Безобидный и необязательный разговор нес в себе и солидный запас информации, и приказание, и, главное, требовал срочного осмысливания резко изменяющейся обстановки.
Это самое «топчетесь» и «смотрите там» могло обозначать и приказ на подготовку к возможному выполнению боевой задачи. А задача может быть одна – наступать. Значит, следовало немедленно соответственно сориентировать командиров соединений. И важен каждый час.

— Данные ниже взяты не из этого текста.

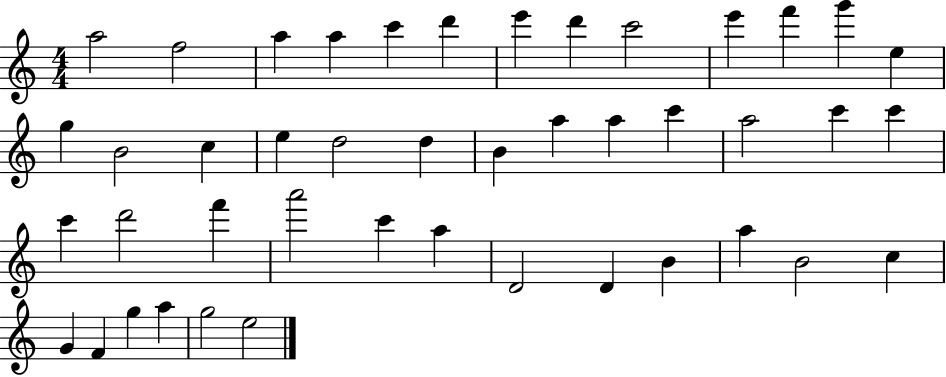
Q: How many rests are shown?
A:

Фронт фронтом, а люди есть люди. В каждой части обязательно накапливаются какие-то недоработки, которые изо дня в день откладывались до лучших времен. Когда часть в обороне, а тем более в резерве, эти лучшие времена приближаются, и каждый спешит подремонтировать технику, обучить подчиненных, подвезти кое-что из снаряжения и боеприпасов. Да и отдохнуть тоже нужно. Вот почему, хотя в целом части и находились в боевой готовности, недоделок наверняка накопилось немало. И важно как можно быстрее их устранить, потому что сделать это завтра, может быть, и не удастся. Командующий фронтом, как опытный военачальник, именно поэтому и позвонил на рассвете – выгадывалось несколько часов.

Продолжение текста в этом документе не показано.